Со вздохом указав на собирающийся у берегов белесый туман, Никулинский промолвил в глубокой задумчивости, что со всем этим – и, как бы охватывая дольний мир, Анатолий Борисович очертил широкий полукруг рукой с дымящейся в ней серо-фиолетовым дымком сигарой, – ему безумно жаль расставаться. Еще не спето столько песен, с кривой усмешечкой пробормотал он. Есть странные вещи, вы не поверите, но они вроде ниточек привязывают меня к этому миру, и будет ужасно больно, когда они оборвутся. Например: кто, по-вашему, автор «Гамлета»? Сергей Павлович без тени сомнений ответил, что Шекспир.
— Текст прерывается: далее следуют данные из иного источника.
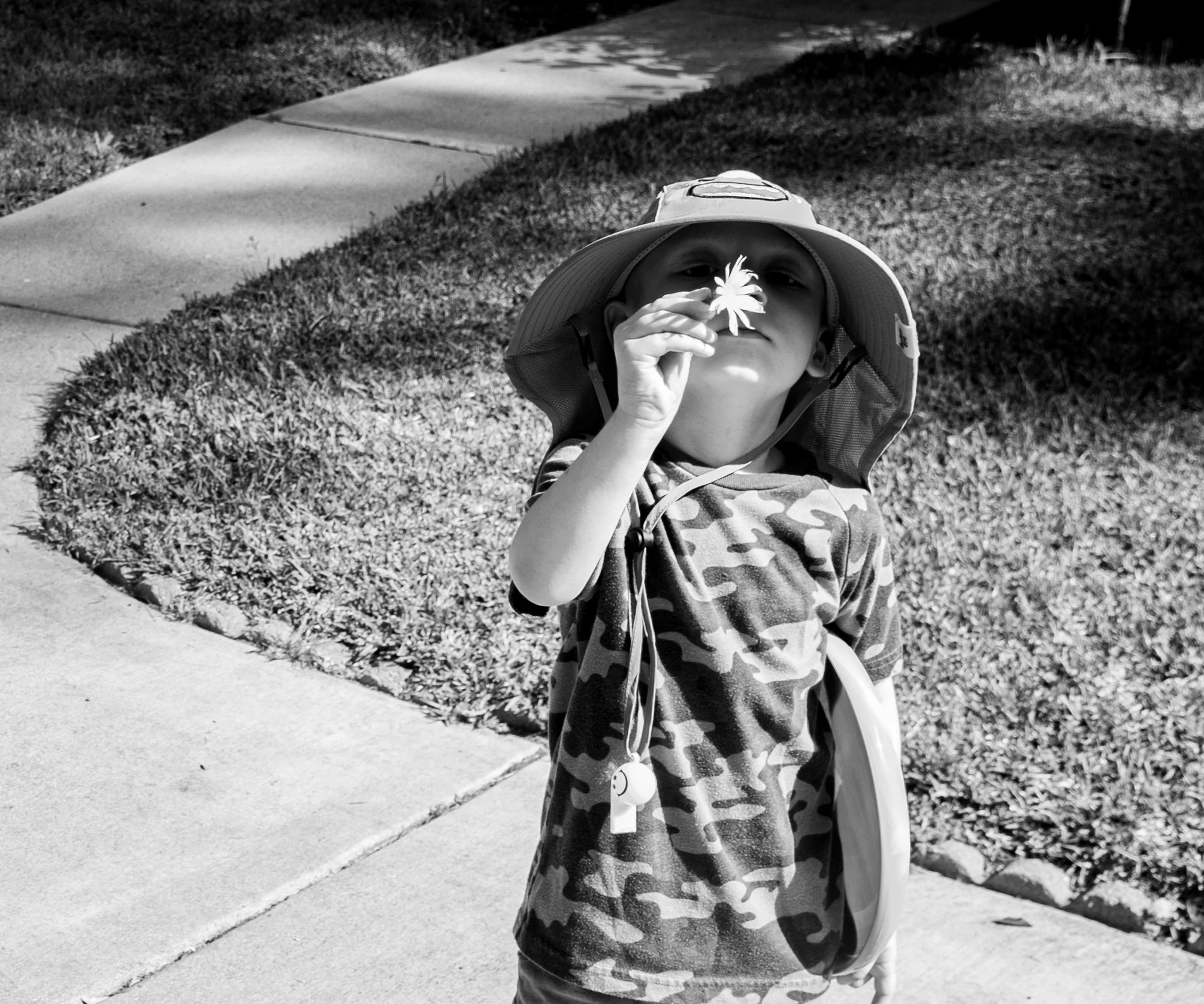 _DSC6850.JPEG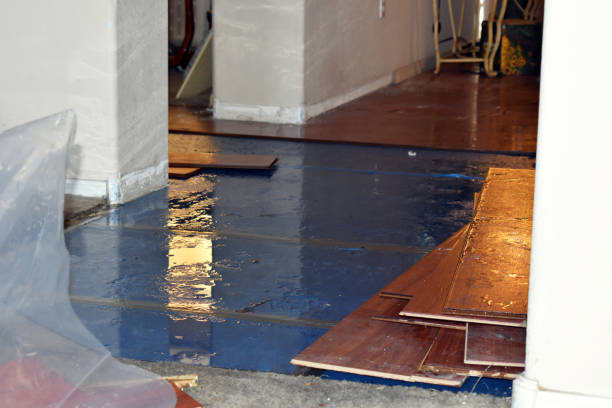 Professional Basement Flood Cleanup technician working in Shady Side, MD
Кто же еще? Вот-вот. А скорее всего, два безмерно одаренных человека, мужчиной и женщиной назовем их, создавшие и «Гамлета», и «Короля Лира», и «Отелло», и самого Шекспира. Голубок и горлица. Он сокрушенно покачал головой. Выпьем в их честь, промолвил Анатолий Борисович и совершил поминальное возлияние. Мир сплетён из мифов. Человек рождается в их окружении, живет в нем и умирает, и путь его – от мифа о любви, в которой он будто был зачат, до мифа о жизни, которая будто бы поджидает его за гробом.
– У вас, должно быть, детей нет?
Отвечал со скукой. Почему нет. Не прибавил и не убавил. Двое. Он и она. Достаточно взрослые и вполне ничтожные. Вся Россия… Он уронил рюмку на траву. Рюмка была незамедлительно поднята, отерта, наполнена и бережно предложена только что выпустившей ее руке, которая обхватила ее ослабевшими пальцами. …сплошной миф. Ничему нельзя верить. А если вдуматься – и никому. Поставим вопрос о… он поразмышлял, попыхивая сигарой, и наконец решил… о царе. О самом последнем. Он царь или не царь?! Был большой любитель стрелять по воронам. И, таким образом, проворонил Россию. Хи-хи-х-х-кхе-кхе… Кто такая царица? Пациентка Кащенко. А, как известно, доложил он, прикладываясь, ахая, блаженствуя, а затем пуская дым, люди с поврежденной психикой, они… как бы это… они подавляют! Слабого человека в бараний рог, можете нисколько не сомневаться! И своего венценосного супруга… вот так! Он допил рюмку, взял в рот сигару и, щурясь, изобразил руками круг. Мы как будто бы говорим о людях, но это не то, совсем не то… Это не люди. Это тени! Это какие-то существа, совершенно иного, рискнем утверждать, загробного мира, веселящиеся на наших долгих поминках. Возьмем… Теперь Ленина. Слушайте, это же несомненный гость оттуда! Инферно! И он указал сигарой себе под кресло, словно бы там имелся выход из преисподней.
Чутким слухом услышал писателя и героя Абдулхак и шепнул Шурику:
– Слыхала? Про Ленина так. Конец этому всему. Автопарк надо сохранять, ты понял?!
Жестокость неописуемая. И все они… Они все только кажутся людьми, уверяю вас. Он обратил на Сергея Павловича вдруг потеплевший взгляд.